Having lunch with the Alcalde is not the equivalent of waving a magic wand, as some seem to imply. Believe me, I know......

The OP may be better advised opening a B&B in an attractive part of the UK aimed at the European market and using any profit to holiday in Spain.


----------



## Goldeneye (Nov 12, 2011)

I would suggest searching for B & B's online in various corners of Spain contact them directly and ask them about the pro's and con's. 

I have stayed in a few B & B's in Spain, for me it was as a way of gaining valuable insight into daily life, as well as practical knowledge from ex-pats who had made the move, something I wouldn't have experienced staying in a Hotel. 
What I did discover is that very surprisingly most spoke little or no Spanish, yet managed to 'get by', most had 'retired' to Spain, non had previous experience of running a B & B. however, the big difference for them compared to you is that they weren't solely relying on the income to support themselves. It was 'bonus money' and they had the freedom to say 'sorry were full' when they wanted a break from guests, making chit-chat and making beds..
Although none had previous experience of running a B & B they all without exception had stayed in many B & B's over the years they were able to draw on their experiences to make it a very pleasant experience for their guests.
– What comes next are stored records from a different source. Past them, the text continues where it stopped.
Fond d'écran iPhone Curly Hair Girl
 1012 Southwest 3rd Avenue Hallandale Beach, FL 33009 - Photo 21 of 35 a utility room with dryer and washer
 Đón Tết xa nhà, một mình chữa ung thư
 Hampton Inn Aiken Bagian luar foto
Get the info you require from the Horses mouth...

..
.


----------



## baldilocks (Mar 7, 2010)

We have stayed at one near the Cazorla Natural Park, but they don't do B&B but have the large house split up into small apartments 1 or 2 or 3 bedroom configurations depending on what is locked off or not. For them, also it is supplementary income and they, too, block off certain dates if they want a break such as at Christmas/New year or when family might want to stay. We even spent Christmas there a couple of years ago.


----------



## Horlics (Sep 27, 2011)

mrypg9 said:


> As for profitabilty: there is no guarantee that the rate of occupancy you may achieve will return 10€ let alone 100€ a week. It is not always the case either that when a business is wound up, for whatever reason, you will 'get something out of it'. That depends entirely on the going rate for the assets at the point of sale and of course any debt you may have incurred./QUOTE]
> 
> Of course there are no guarantees of income.
> 
> ...


----------



## mrypg9 (Apr 26, 2008)

Horlics said:


> mrypg9 said:
> 
> 
> > As for profitabilty: there is no guarantee that the rate of occupancy you may achieve will return 10€ let alone 100€ a week. It is not always the case either that when a business is wound up, for whatever reason, you will 'get something out of it'. That depends entirely on the going rate for the assets at the point of sale and of course any debt you may have incurred./QUOTE]
> ...


----------



## zippy-watkins (Mar 10, 2014)

Can't help but notice that the OP has not shown his/her face since posting this.... maybe some of you guys need to lighten up a little bit!


----------



## Horlics (Sep 27, 2011)

You didn't say it would be worth nothing but you chose to single out a quote about taking something out of the business. Of course operating losses might eat into that and there may or may not be a positive balance overall.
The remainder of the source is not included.